The North East Forest Alliance also wants NSW Environment minister Mark Speakman to enforce the state’s logging rules and direct the NSW Forestry Corporation (FCNSW) to stop clearfelling.
NEFA spokesperson Lyn Orrego said the FCNSW was clearfelling huge swathes of forests in breach of the conditions of its logging approvals.
‘FCNSW misleadingly call these large clearfelled areas – some over 100 hectares in size – “Single Tree Selection” (STS),’ Ms Orrego said.
She said a letter from the Environment Protection Authority on the minister’s behalf had acknowledged that clearfelling was not consistent with the definition and intent of STS in the Integrated Forestry Operations Approval (IFOA), and also went against FCNSW’s own silvicultural guidelines.
‘So we have an acknowledgement from the regulator that FCNSW is operating outside their approval conditions yet the minister will do nothing about it,’ she said.
‘The so-called solution put forward in the EPA letter is to wait for the new IFOA the state government is planning to put on public display at some time in the future.
‘We know the government’s intent is to authorise the clearfelling (with just a few trees to be retained) across 140,000 hectares of public forests between Grafton and Taree and to increase logging intensity elsewhere.
‘This just rewards FCNSW for their illegal logging practice and is an unacceptable “solution”’, she said.
North Coast Environment Council spokesperson Susie Russell said the lack of regulation in the forestry industry was ‘shameful’.
‘The impact of clearfelling on our forest dependent threatened species such as the koala is disastrous,’ Ms Russell said.
‘The number of koalas on the east coast of Australia declined by more than 40 per cent in the 20 years between 1990 and 2010.
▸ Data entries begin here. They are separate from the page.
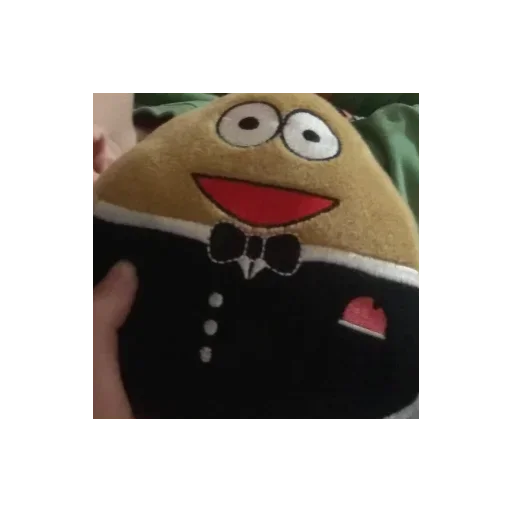 😪 Стикер «Pou» для Telegram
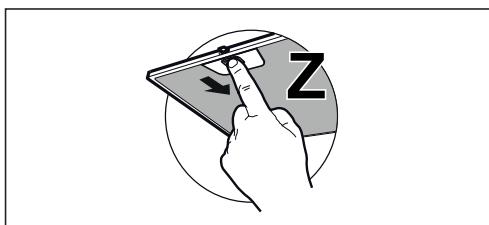 ZANUSSI ZHV64750BA - Udrzba - 2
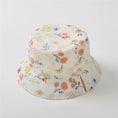 Load image into Gallery viewer, Summer Floral Reversible Bucket Hat
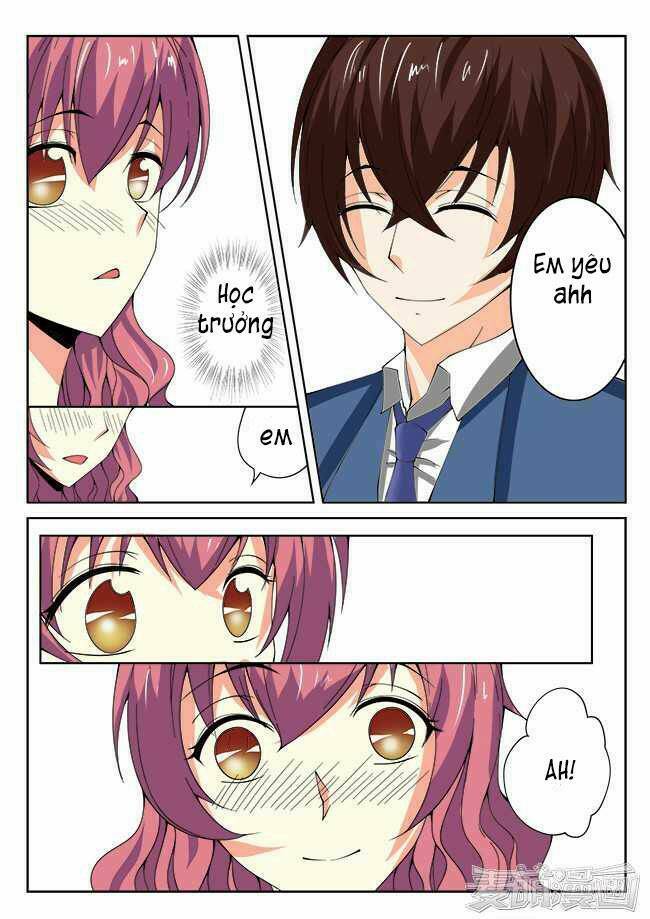 tiểu thư đừng chạy chapter 2 13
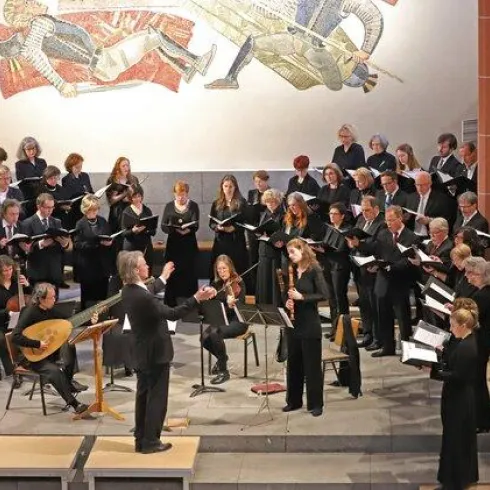 Neustadter Stiftskantorei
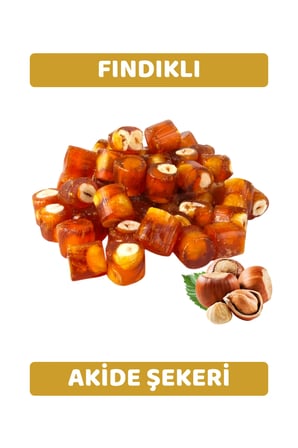 Fındıklı Akide Şekeri 1KG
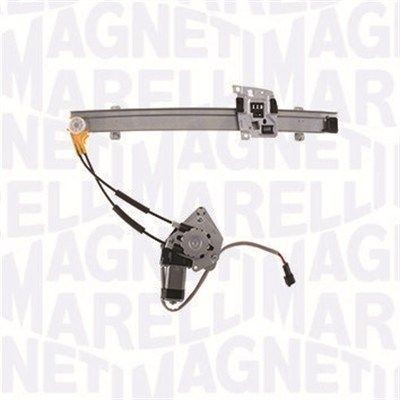 MAGNETI MARELLI Rudehejs Varenummer: 350103170167 billige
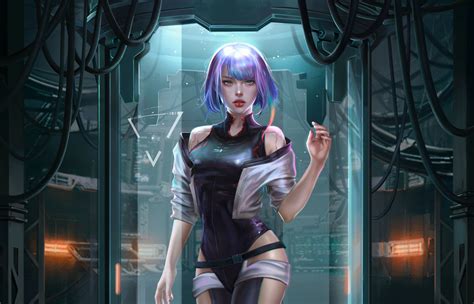 Lucy.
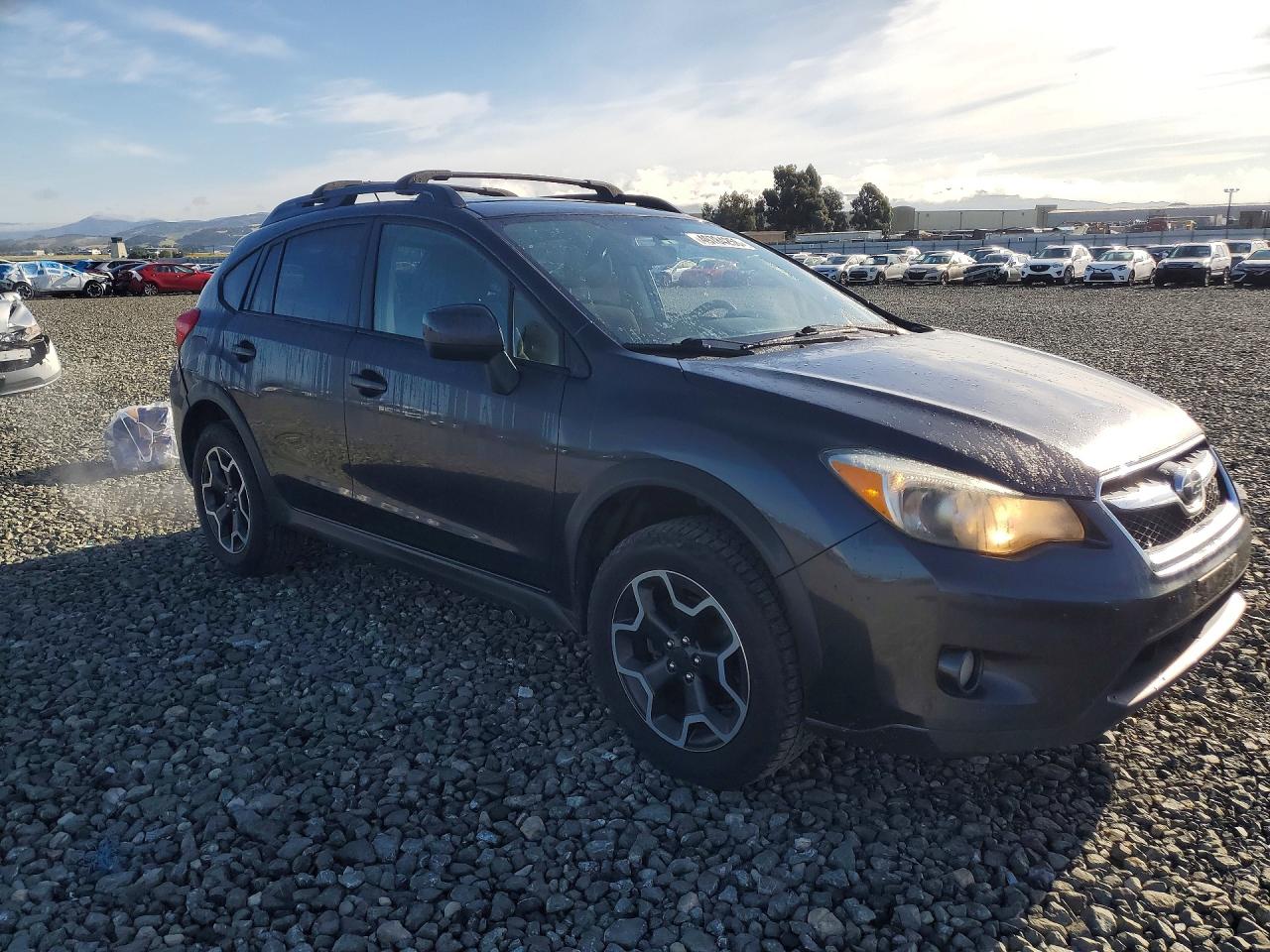 2014 SUBARU XV CROSSTREK 2.0 PREMIUM photo 7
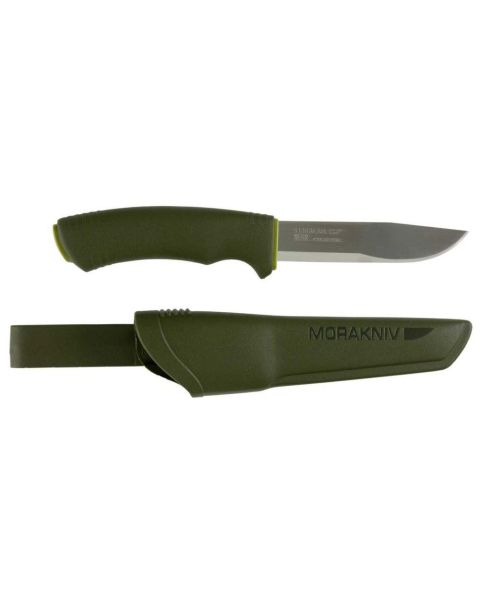 Mora Bushcraft Forest Knife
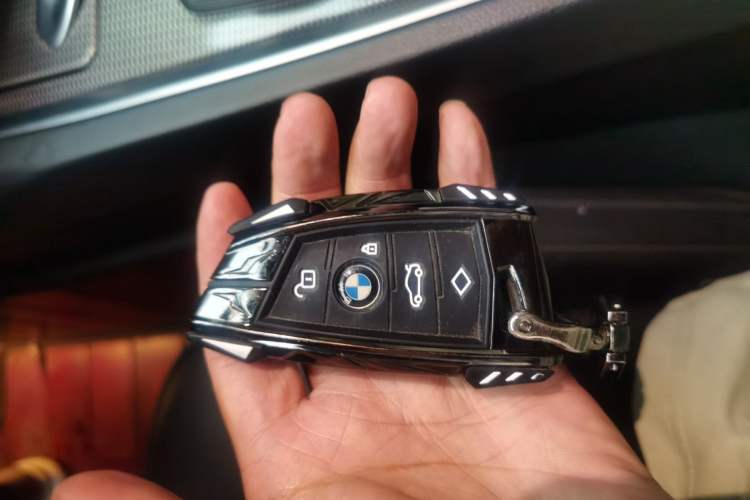 Used BMW Z4 2019 M40i M Sport Performance Edition Interior 1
‘The Greater Glider, considered common when the Approvals were issued has now been listed as threatened with extinction. Logging is the main threat it faces.
‘Other impacts of clearfelling include soil losses, water pollution and the lost opportunity to store carbon by not keeping the public forest estate in a more mature growth stage as it used to be.’
Ecologist, David Milledge of Landmark Ecological Services, said clearfelling had a substantial adverse effect on biodiversity and on native animals.
‘This is evidenced by the high proportion of such species listed as threatened under the Threatened Species Conservation (TSC) Act 1995. It is diametrically opposed to Ecological Sustainable Development,’ he said.
Meanwhile, Ms Russell said the NSW Public was footing the $79 million bill subsidising the logging industry.
‘People only have to look on Google Earth and click on the history button to see that the state forests across the north coast of NSW are being hammered as they never have been before. It’s vandalism pure and simple,’ she said.
‘This is why the North East Forest Alliance is campaigning for a transition out of logging of our public native forests. They need to be left to grow old and managed for public benefit, which includes increasing water supply and supporting the unique animals and plants that depend on them,’ she said.
‘Now that the EPA, writing on the minister’s behalf, has admitted that the clearfelling is “not consistent with” the IFOA the minister has no excuse to allow such intensive logging to continue.
‘He must order this illegal logging to stop now as it contravenes the law and the promise of Ecologically Sustainable Forest Management (ESFM) which the IFOA was written to deliver.’